- WORK TO COMPLETE -
The response should contain all of the data below, reproduced exactly, and no pictures.
[SUPPLIED MATERIAL — start]
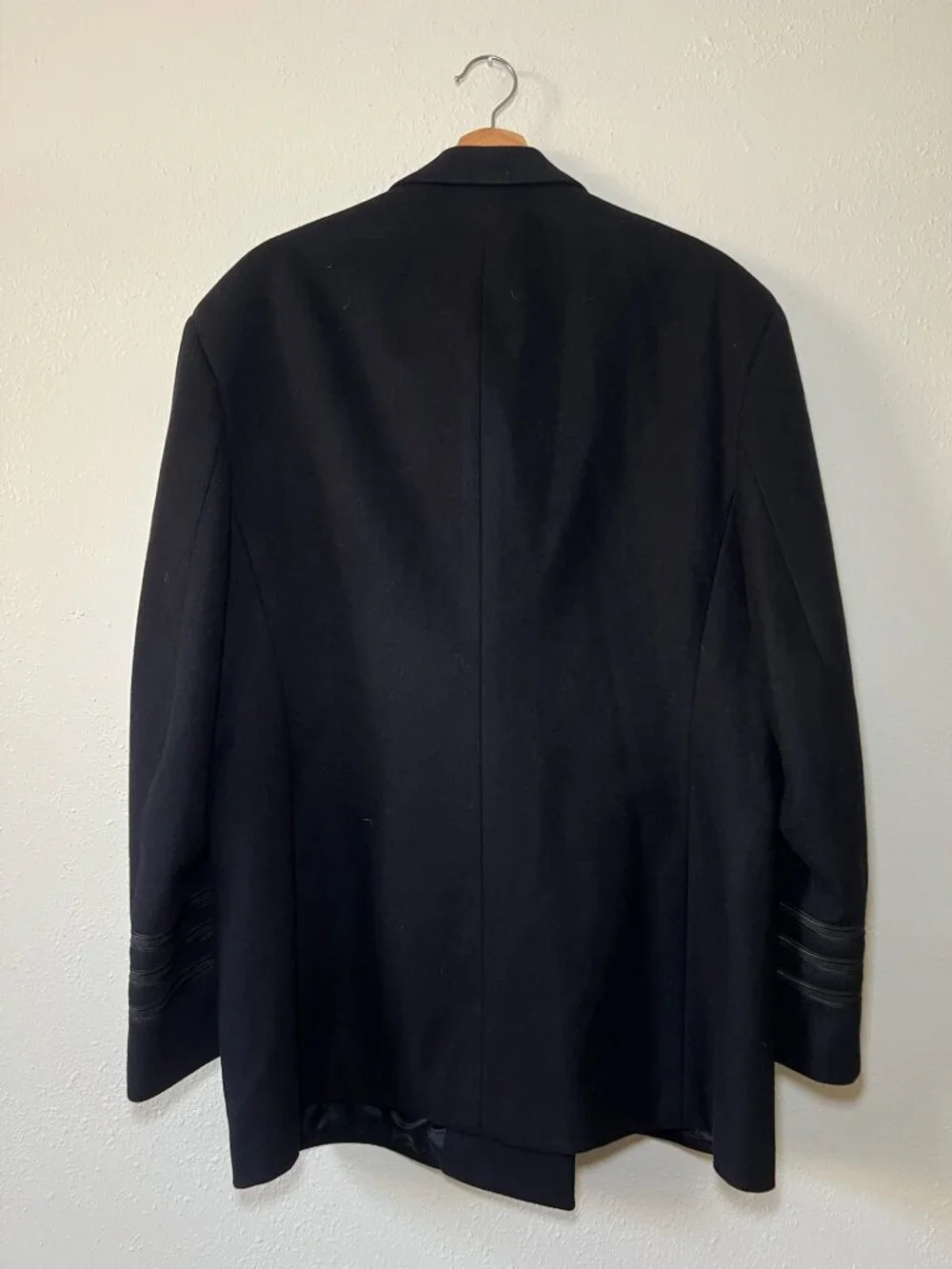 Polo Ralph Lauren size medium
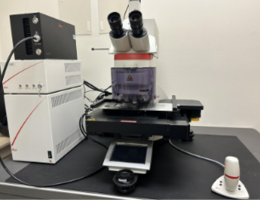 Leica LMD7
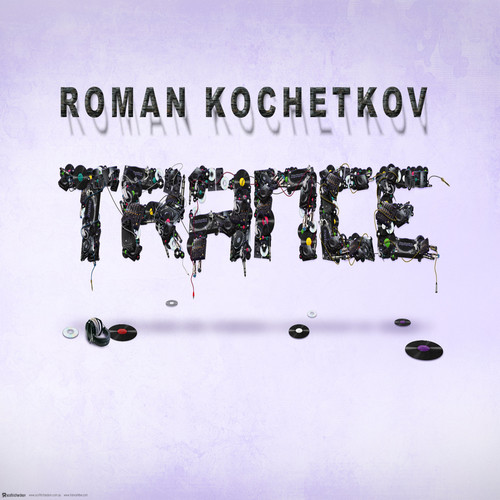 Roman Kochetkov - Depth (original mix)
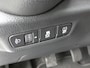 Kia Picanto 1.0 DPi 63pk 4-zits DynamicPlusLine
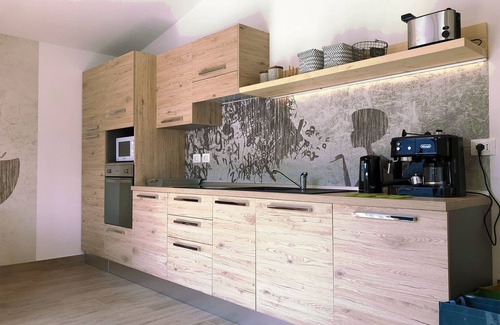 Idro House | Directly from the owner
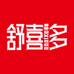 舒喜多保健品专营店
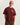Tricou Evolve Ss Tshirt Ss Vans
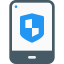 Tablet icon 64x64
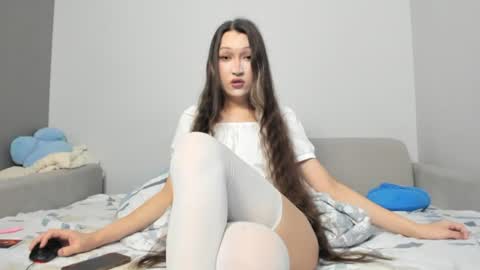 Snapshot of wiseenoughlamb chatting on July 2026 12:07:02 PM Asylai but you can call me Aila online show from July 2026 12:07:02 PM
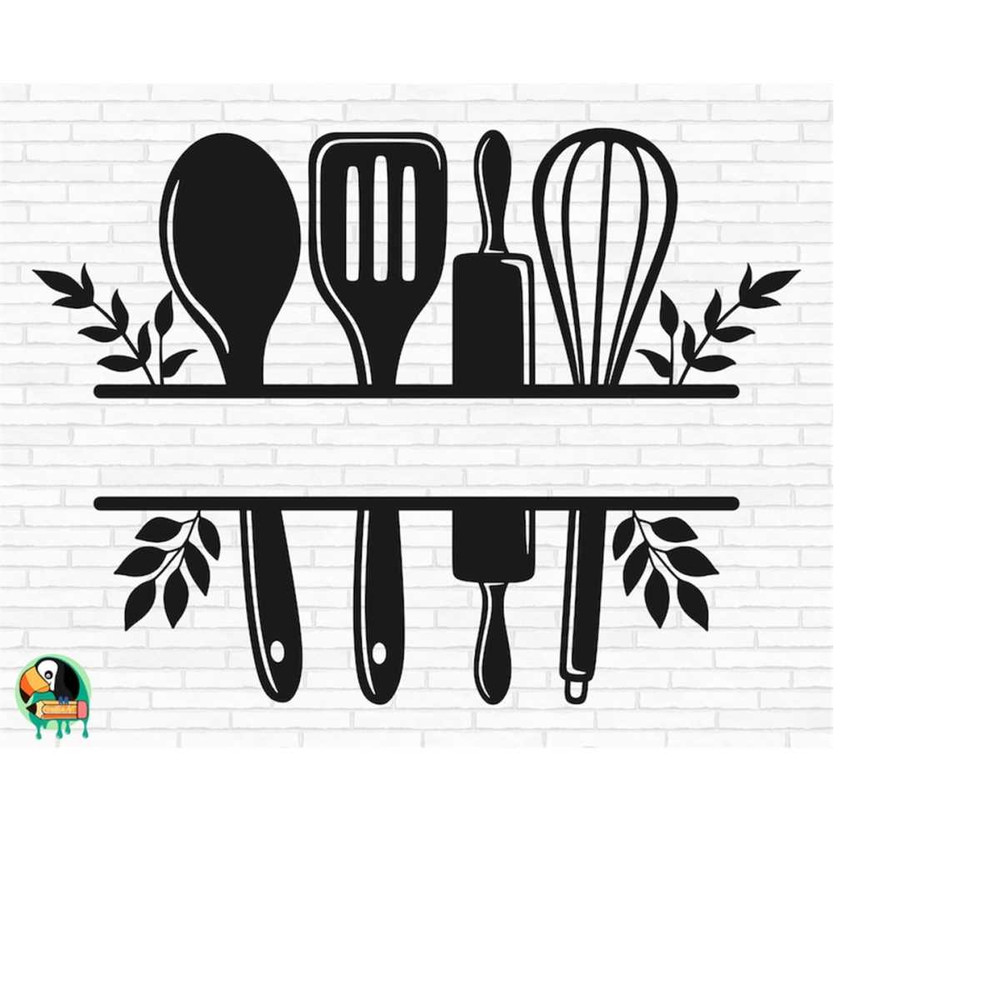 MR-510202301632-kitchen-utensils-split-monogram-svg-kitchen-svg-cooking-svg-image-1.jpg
[SUPPLIED MATERIAL — finish]
- SOLUTION -
 Polo Ralph Lauren size medium
 Leica LMD7
 Roman Kochetkov - Depth (original mix)
 Kia Picanto 1.0 DPi 63pk 4-zits DynamicPlusLine
 Idro House | Directly from the owner
 舒喜多保健品专营店
Tricou Evolve Ss Tshirt Ss Vans
 Tablet icon 64x64
 Snapshot of wiseenoughlamb chatting on July 2026 12:07:02 PM Asylai but you can call me Aila online show from July 2026 12:07:02 PM
 MR-510202301632-kitchen-utensils-split-monogram-svg-kitchen-svg-cooking-svg-image-1.jpg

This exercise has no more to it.